Original Articles

A comparison between the effectiveness of vibration with Dentalvibe and benzocaine gel in relieving pain associated with mandibular injection: a randomized clinical trial

Rahaf Dak-Albab1, Mohammad Bashier Al-Monaqel1, Rana Koshha2, Hisham Shakhashero3, Rania Soudan4

1Pediatric Dentistry department; 2Psychological Assessment Department; 3Orthodontics department;  4Oral Medicine Department

Dental College, Damascus University, Al-Mazzeh Street, Damascus, (Syria)

Correspondence: Rahaf Dak-Albab, Al-Mazzeh Street, Pediatric Dentistry Department, Dental College, Damascus University, Damascus, (Syria); Mobile: +963957506545; E-mail: rahaf.dds@hotmail.com

 

ABSTRACT

Introduction: Mandibular nerve block injection (MNBI) is considered as one of the most painful injections, especially in children. Various recent studies have compared the use of pharmaceutical drugs, including some non-pharmaceutical methods applied to relieve pain in dental practice. This study aims to investigate the effectiveness of the use of a drugless method by applying vibration at the injection site to reduce pain associated with (MNBI).

Methodology: A cross-over, double-blind randomized clinical trial was carried out during 2014 to 2015 at Pediatric Dentistry department in the Dental College, Damascus University, where 60 MNBI were given to 30 children, aged 8 to 12 years. Each child received 2 MNBI in both right and left side of mandibular jaw, with 1-2 weeks apart. Topical analgesic (benzocaine 20%) gel was applied in 15 children, while 15 children received MNBI with vibration using DentalVibe at the injection side. Two high quality digital cameras were used to record children’s reactions to pain during injections, on face in particular and the whole body in general. Two external evaluators were also employed to assess the pain reaction using FLACC scale for pain assessment.

Results: Pain intensity decreased from 5.57 when used topical gel into (3.36) when used vibration with DentalVibe device. Significant differences were recorded (P=0.002) for the benefit of vibration technique with DentalVibe in the injection site compared with the topical benzocaine 20% gel.

Conclusion: Our study proves that vibration technique with DentalVibe device can be used as a simple and effective method to alleviate pain associated with dental injections as compared to traditional topical analgesic gels.

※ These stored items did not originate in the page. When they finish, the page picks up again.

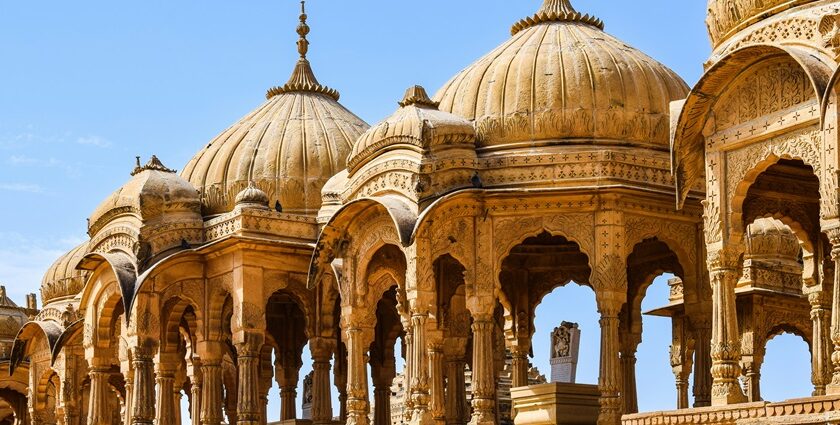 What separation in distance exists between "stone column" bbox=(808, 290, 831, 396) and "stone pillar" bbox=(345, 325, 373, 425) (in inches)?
277

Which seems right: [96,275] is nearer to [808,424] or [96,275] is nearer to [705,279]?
[705,279]

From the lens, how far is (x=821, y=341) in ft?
81.9

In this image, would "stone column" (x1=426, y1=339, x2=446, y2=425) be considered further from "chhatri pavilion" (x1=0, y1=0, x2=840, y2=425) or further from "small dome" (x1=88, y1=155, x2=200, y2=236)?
"small dome" (x1=88, y1=155, x2=200, y2=236)

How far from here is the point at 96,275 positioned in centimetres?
3378

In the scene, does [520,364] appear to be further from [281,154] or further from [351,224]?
[281,154]

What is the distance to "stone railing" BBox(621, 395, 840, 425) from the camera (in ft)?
67.3

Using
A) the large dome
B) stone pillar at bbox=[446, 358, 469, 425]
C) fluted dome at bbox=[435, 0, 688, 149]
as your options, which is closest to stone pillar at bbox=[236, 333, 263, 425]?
stone pillar at bbox=[446, 358, 469, 425]

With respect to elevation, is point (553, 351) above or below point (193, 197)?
below

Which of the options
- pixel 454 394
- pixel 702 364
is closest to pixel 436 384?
pixel 454 394

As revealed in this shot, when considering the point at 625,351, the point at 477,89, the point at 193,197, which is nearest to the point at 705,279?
the point at 625,351

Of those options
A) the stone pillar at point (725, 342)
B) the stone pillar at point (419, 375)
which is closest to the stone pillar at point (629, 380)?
the stone pillar at point (419, 375)

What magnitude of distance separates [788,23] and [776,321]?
9.97 metres

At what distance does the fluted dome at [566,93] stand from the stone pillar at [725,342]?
531 cm

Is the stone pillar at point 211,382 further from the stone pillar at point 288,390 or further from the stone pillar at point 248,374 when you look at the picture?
the stone pillar at point 288,390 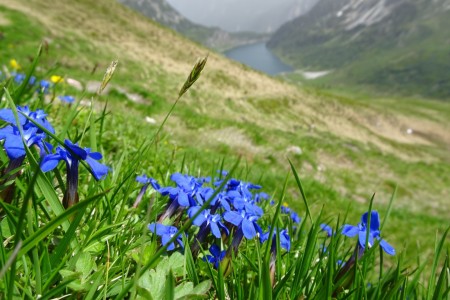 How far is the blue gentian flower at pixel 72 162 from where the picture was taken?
1299 mm

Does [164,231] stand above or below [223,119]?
above

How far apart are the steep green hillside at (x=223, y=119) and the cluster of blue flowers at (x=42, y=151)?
14.9 inches

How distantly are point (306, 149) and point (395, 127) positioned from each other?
2120 inches

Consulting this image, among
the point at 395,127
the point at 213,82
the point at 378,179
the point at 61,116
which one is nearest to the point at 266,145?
the point at 378,179

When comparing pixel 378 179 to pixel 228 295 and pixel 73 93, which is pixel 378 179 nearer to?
pixel 73 93

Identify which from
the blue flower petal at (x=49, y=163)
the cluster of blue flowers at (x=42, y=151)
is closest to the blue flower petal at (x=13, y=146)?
the cluster of blue flowers at (x=42, y=151)

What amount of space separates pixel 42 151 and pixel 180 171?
118 centimetres

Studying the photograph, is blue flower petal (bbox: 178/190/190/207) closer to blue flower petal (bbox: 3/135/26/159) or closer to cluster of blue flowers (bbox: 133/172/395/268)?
cluster of blue flowers (bbox: 133/172/395/268)

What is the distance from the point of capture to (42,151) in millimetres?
1631

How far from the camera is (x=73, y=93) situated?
29.6ft

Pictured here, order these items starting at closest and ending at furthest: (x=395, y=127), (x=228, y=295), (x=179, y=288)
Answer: (x=179, y=288) → (x=228, y=295) → (x=395, y=127)

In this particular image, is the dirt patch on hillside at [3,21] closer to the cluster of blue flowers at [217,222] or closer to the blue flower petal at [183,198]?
the cluster of blue flowers at [217,222]

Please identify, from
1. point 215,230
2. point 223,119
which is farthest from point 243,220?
point 223,119

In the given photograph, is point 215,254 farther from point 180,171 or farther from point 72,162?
point 180,171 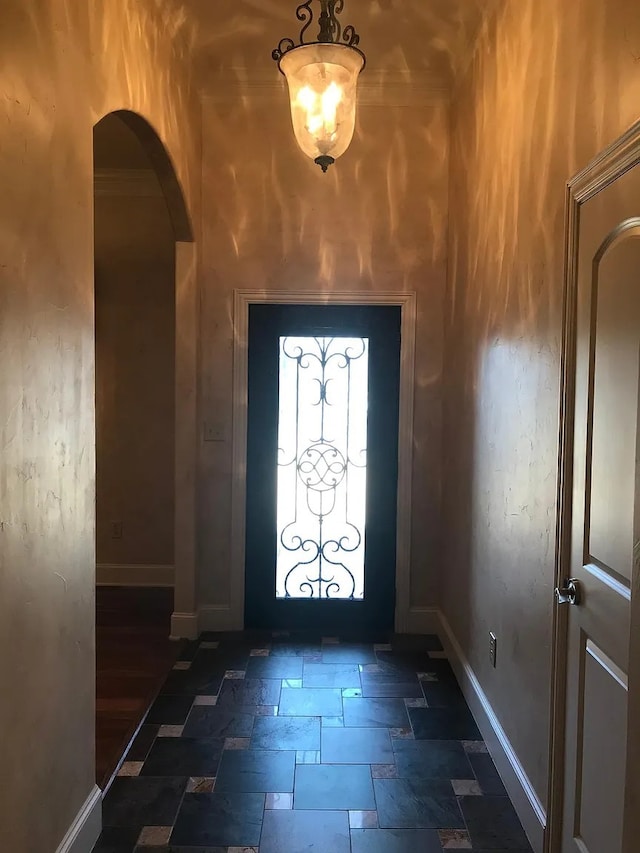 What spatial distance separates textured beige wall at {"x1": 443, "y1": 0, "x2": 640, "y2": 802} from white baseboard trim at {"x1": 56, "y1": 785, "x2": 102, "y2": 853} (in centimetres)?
143

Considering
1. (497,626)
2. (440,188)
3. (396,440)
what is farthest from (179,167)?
(497,626)

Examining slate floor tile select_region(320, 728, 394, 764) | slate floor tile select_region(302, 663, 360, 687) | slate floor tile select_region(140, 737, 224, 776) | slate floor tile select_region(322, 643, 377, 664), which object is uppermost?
slate floor tile select_region(322, 643, 377, 664)

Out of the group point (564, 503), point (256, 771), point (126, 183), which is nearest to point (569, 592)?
point (564, 503)

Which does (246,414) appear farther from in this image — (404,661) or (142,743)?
(142,743)

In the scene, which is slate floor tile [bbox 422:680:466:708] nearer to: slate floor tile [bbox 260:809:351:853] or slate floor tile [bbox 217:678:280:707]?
slate floor tile [bbox 217:678:280:707]

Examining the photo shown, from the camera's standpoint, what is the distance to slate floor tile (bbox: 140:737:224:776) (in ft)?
8.31

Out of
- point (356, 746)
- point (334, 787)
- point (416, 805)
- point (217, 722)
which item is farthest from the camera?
point (217, 722)

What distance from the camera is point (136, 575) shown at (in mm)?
4852

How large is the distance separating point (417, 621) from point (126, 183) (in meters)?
3.59

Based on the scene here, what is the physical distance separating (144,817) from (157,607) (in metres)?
2.17

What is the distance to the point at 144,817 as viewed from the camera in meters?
2.27

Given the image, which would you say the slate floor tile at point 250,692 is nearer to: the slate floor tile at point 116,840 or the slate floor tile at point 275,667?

Key words: Vibration; DentalVibe; Gel; Pain; Anesthesia, Local

Citation: Dak-Albab R, Al-Monaqel MB, Koshha R, Shakhashero H, Soudan R. A comparison between the effectiveness of vibration with Dentalvibe and benzocaine gel in relieving pain associated with mandibular injection: a randomized clinical trial. Anaesth Pain & Intensive Care 2016;20(1):43-49.

 

 

INTRODUCTION

Local anesthetic administration is considered a painful procedure in the awake patients,1 and it is more difficult in pediatric dentistry; especially as a child’s reaction to local injection at earlier visits affects his attitude at all subsequent sessions.2 Some statistics in United States indicate that 4-6% of the population avoids dental visit due to fear of pain only,3 therefore many studies have been carried out to come up with new methods to relieve injection pain.4-7 Many researchers studied the effect of using topical anesthetic drugs on the injection site to relieve pain,8-14 however, non-drug methods are still under research and development.4-7 So we felt a real need to study the effectiveness of one of those methods, which is vibration on the tissues at injection site, for relieving pain, associated with mandibular nerve block injection in comparison with traditional topical gel (Benzocaine 20%).

 

METHODOLOGY

The sample consisted of 30 children, aged between 8 and 12 years, presented to the Pediatric Dentistry Department at the Faculty of Dentistry at Damascus University. The sample size was calculated using G-Power 3.1 statistical program with (α=0.05, and Power=0.95). The informed consent was taken from parents or legal guardians before the procedures was carried out. CONSORT Statement was took in mind when the current randomized clinical trial (RCT) was designed and conducted.  All unhealthy children or those who had taken any sedative or analgesic drugs in the past 24 hours of the dental visit were excluded from our study. Similarly, we excluded all cases with acute or chronic inflammation or abscesses at injection site or subjects with previous traumatic painful dental experience. All children of the sample needed symmetric dental treatment in both lower sides. Cooperative children were classified as absolute positive or positive on Frankel’s classification scale (Table 1).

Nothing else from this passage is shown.